I had a chance to sit him down on some top-of-mind things flex workforce operators are asking us, which he's agreed to let me share here.
- Be Clear on Your Value Proposition to the Worker: It's not just about the money. Uber thought of its value proposition to drivers along multiple dimensions: high flexibility, earnings, experience, ease of use, support, and career progression. What's your value proposition to workers?
- Good Segmentation of Your Workforce is Table Stakes: Uber segmented its workers into "full-time drivers," "part-time regulars," and "part-time inconsistent" based on how they worked. Each segment has a different value proposition, and it's important to understand these differences when developing compensation and incentives. Do you pay differently by segment?
- Defining "Churn" Before You Fix Churn: Churn rates are high in the gig economy, with 50% of drivers churning in the first 30 days and 80-90% gone after one year. To retain drivers, it's important to provide incentives and solve for this, but you've got to have a strong perspective on how to measure churn.

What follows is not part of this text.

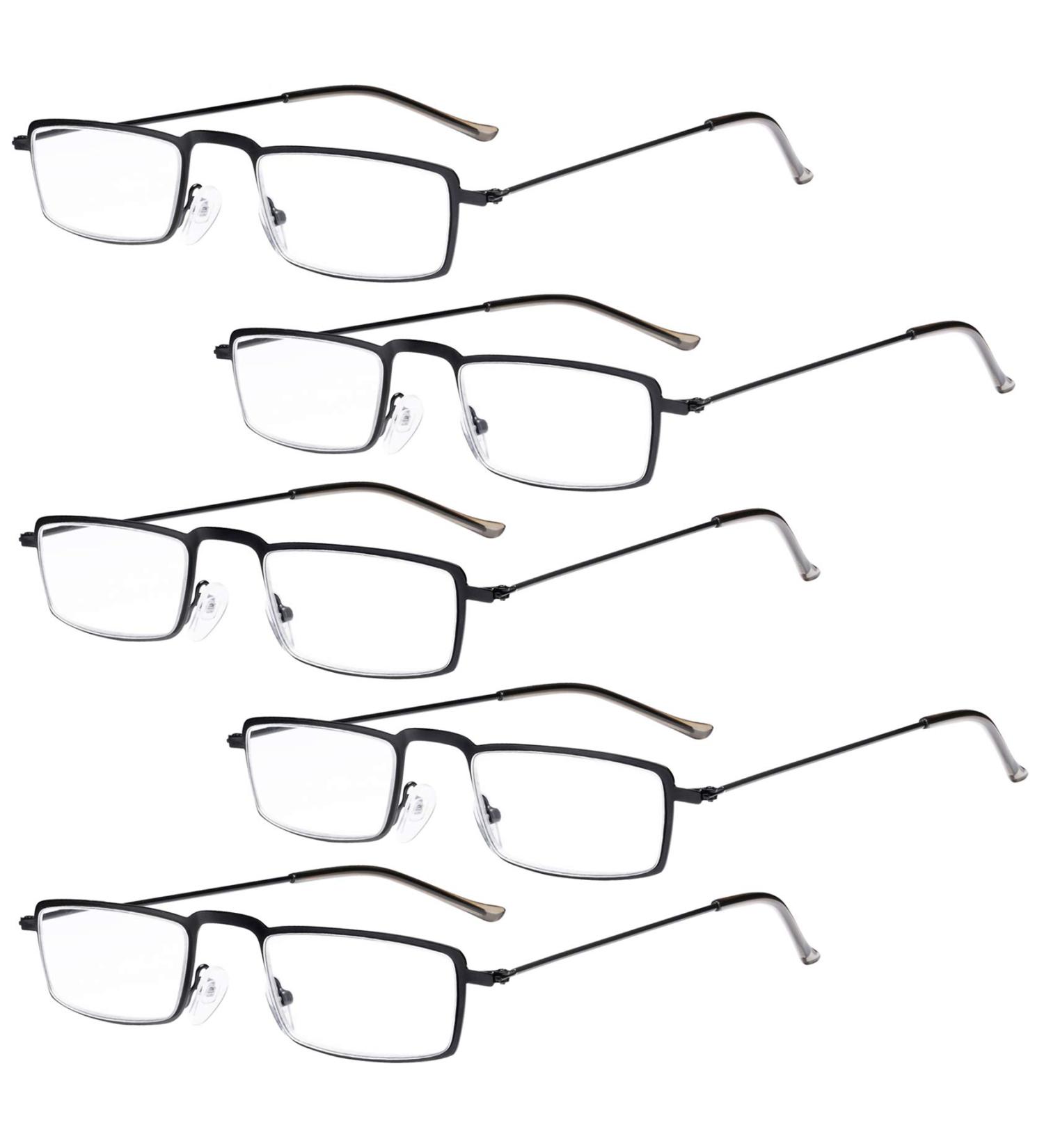 Eyekepper 5 Pieces Stainless Steel Half-Eye Reading Glasses +2.00 - Stylish Black Readers for Optimal Vision - Buy Online on GoSupps.com
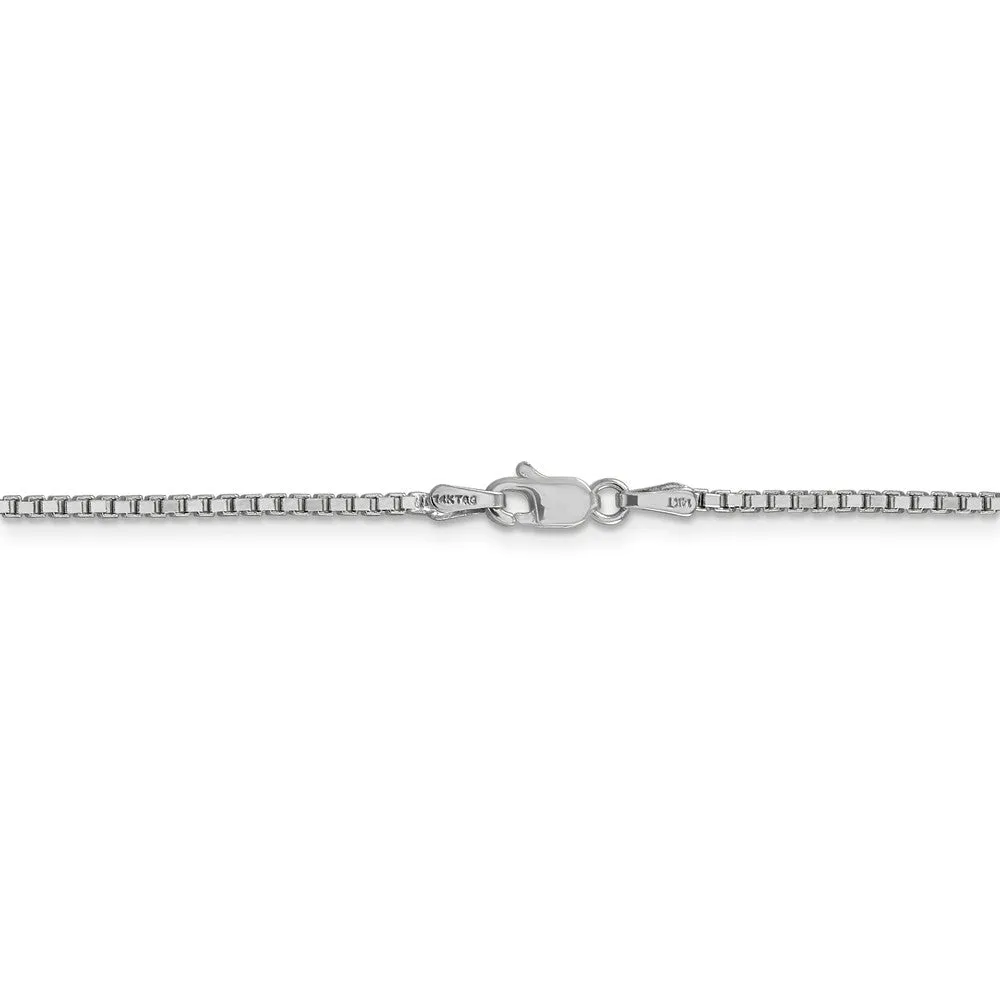 1.5mm, 14k White Gold, Box Chain Necklace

But what is "Churn", if someone can work- or not- whenever they want?
- It's All About Maximizing Net, not Gross, Earnings: After many tries at throwing more money at its drivers, Uber started to think about their drivers' "P&L", all the things that cost them money to work, costs of getting benefits, all the opportunity costs of not saving and investing, especially as you factor in tax benefits that are available to the full-time worker. Do you have a well-integrated stack of payments, benefits and investment solutions to help workers manage their net pay?
OK, so what's this got to do with home healthcare? Make no mistake. Home healthcare is a logistics business.
Don't agree? Hiring, staffing, scheduling and incentivizing the right people to show up at the right place and the right time, and to deliver the right customer experience sounds awfully like a logistics business.
And so, it would behoove us to look at companies that have dominated logistics and find playbooks to consider implementing in our world.